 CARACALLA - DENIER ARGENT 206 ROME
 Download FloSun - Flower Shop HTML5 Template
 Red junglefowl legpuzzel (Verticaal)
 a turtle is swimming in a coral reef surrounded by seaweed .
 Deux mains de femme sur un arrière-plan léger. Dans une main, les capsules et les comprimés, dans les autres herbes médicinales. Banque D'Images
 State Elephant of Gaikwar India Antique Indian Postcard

--

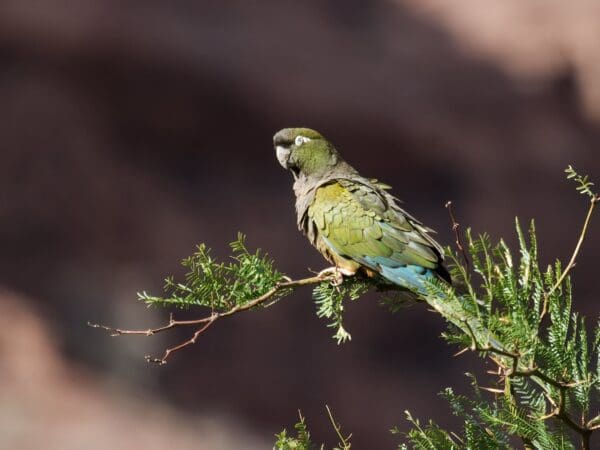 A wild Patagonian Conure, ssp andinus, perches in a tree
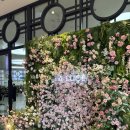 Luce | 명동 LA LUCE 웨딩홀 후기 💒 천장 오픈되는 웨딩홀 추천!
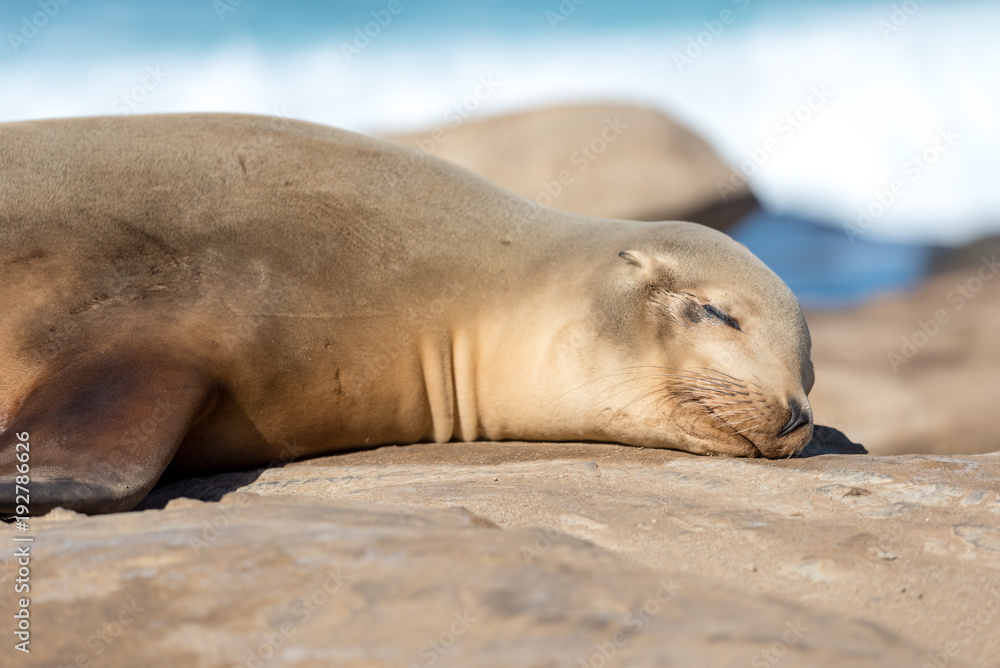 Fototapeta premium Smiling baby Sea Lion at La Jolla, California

--

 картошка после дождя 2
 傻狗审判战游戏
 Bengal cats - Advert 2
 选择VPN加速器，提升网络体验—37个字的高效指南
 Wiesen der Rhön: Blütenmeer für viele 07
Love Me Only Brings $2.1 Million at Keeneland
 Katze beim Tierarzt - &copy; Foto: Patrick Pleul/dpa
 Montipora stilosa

--

Action item>
In the data above, find the line that contains "картошка после дождя 2" and the line that contains "Montipora stilosa". Repeat exactly those lines and every line between them, and only those.

Expected answer>
 картошка после дождя 2
 傻狗审判战游戏
 Bengal cats - Advert 2
 选择VPN加速器，提升网络体验—37个字的高效指南
 Wiesen der Rhön: Blütenmeer für viele 07
Love Me Only Brings $2.1 Million at Keeneland
 Katze beim Tierarzt - &copy; Foto: Patrick Pleul/dpa
 Montipora stilosa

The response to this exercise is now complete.